Listening to Frusciante’s last released recordings (I have my doubts that he’s really retiring, but he’s never really been about the spotlight) is reason enough to get this album. But there are other good moments on this record that don’t involve Frusciante. For one thing, Le Bon still sounds great and more than holds his own against two powerful vocalists in Monáe and Kiesza. Another highlight of the album is John Taylor’s bass playing. Taylor always seems to come alive when Rodgers produces him, and his bass lines are at their funkiest on the Rodgers co-produced songs “Pressure Off” and “Only in Dreams.” Lead single “Pressure Off,” in particular, sounds like another Rodgers-produced song from the Duran Duran back catalog – 1986’s “Notorious.”

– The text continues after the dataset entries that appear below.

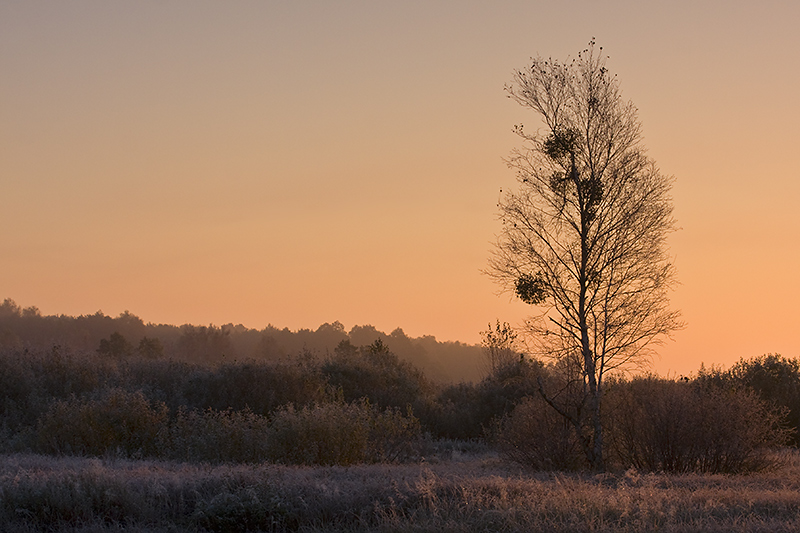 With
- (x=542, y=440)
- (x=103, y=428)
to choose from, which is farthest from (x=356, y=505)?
(x=103, y=428)

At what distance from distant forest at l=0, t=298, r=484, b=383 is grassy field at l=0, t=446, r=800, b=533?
64849 mm

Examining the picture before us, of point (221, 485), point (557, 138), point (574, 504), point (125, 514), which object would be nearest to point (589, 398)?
point (557, 138)

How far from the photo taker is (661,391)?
1781 centimetres

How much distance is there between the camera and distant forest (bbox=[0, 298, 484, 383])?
84.4 m

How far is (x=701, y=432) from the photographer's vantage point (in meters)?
17.0

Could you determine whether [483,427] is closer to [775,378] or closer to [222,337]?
[775,378]

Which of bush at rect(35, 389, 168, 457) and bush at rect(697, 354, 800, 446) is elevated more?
bush at rect(697, 354, 800, 446)

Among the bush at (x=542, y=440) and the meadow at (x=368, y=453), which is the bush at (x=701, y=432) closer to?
the meadow at (x=368, y=453)

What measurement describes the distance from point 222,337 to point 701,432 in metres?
77.6

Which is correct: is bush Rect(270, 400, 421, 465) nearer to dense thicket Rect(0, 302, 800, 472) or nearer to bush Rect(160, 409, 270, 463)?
dense thicket Rect(0, 302, 800, 472)

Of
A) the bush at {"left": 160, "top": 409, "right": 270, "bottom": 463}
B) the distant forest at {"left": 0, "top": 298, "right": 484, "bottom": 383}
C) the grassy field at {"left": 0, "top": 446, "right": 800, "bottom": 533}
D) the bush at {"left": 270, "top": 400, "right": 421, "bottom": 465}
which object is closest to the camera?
the grassy field at {"left": 0, "top": 446, "right": 800, "bottom": 533}

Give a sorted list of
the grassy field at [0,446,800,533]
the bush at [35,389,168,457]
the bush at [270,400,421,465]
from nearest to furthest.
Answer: the grassy field at [0,446,800,533]
the bush at [270,400,421,465]
the bush at [35,389,168,457]

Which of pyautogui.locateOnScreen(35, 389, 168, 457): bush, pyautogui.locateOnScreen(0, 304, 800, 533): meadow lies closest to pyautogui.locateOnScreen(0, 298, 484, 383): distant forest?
pyautogui.locateOnScreen(0, 304, 800, 533): meadow

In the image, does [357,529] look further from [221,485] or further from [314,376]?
[314,376] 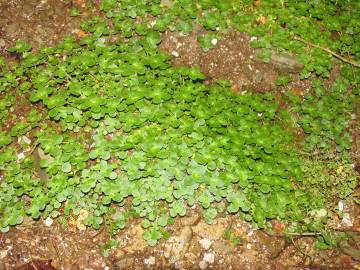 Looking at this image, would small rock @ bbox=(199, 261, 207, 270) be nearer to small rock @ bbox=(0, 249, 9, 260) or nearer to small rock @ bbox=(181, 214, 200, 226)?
small rock @ bbox=(181, 214, 200, 226)

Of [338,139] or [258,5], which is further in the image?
[258,5]

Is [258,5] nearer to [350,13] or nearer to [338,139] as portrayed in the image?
[350,13]

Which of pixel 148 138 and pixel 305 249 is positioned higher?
pixel 148 138

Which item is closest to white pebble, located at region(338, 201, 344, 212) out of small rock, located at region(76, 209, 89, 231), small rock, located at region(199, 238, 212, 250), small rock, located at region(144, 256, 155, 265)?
small rock, located at region(199, 238, 212, 250)

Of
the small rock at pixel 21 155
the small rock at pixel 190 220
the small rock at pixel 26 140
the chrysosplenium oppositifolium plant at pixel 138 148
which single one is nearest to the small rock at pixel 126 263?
the chrysosplenium oppositifolium plant at pixel 138 148

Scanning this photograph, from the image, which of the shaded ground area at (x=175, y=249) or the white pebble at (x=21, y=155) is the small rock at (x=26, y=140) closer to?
the white pebble at (x=21, y=155)

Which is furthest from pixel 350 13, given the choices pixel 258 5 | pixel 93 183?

All in all, “Paper Gods” is a decent collection of songs- some are even worthy additions to Duran Duran’s formidable library. As an album, however, it’s a disjointed affair that falls short of classics like “Rio,” “The Wedding Album” or “Seven and the Ragged Tiger.” Nevertheless, it’s worth a listen, if for no other reason than to experience John Frusciante’s genius one last time (probably).
UPDATE: 11/18/2015 – I actually listened to this album again, and I found that I liked it a lot more than I did when I first wrote this review. The songs are much catchier than I originally gave them credit for, and I found that I appreciated them more when I did my second listen to the album. I now give it an A-. “Danceophobia” is still a dumb song, though.